Only the lines from the one containing "a view of a house with a yard and tree" through the end of the material should be printed, exactly as they appear. Leave out pictures.

Recorded data:
◆ ◆ ◆

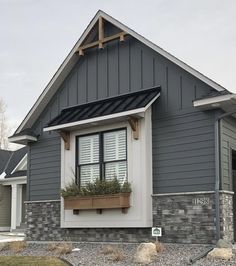 a gray house with white trim and window boxes on the windowsills is shown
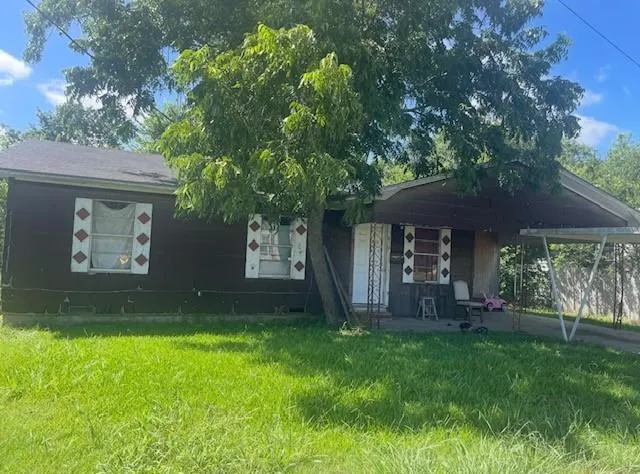 a view of a house with a yard and tree
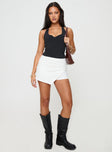 front view of model wearing Princess Polly Maceline Wrap Front Skort White High Waisted Shorts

◆ ◆ ◆

Solution:
 a view of a house with a yard and tree
 front view of model wearing Princess Polly Maceline Wrap Front Skort White High Waisted Shorts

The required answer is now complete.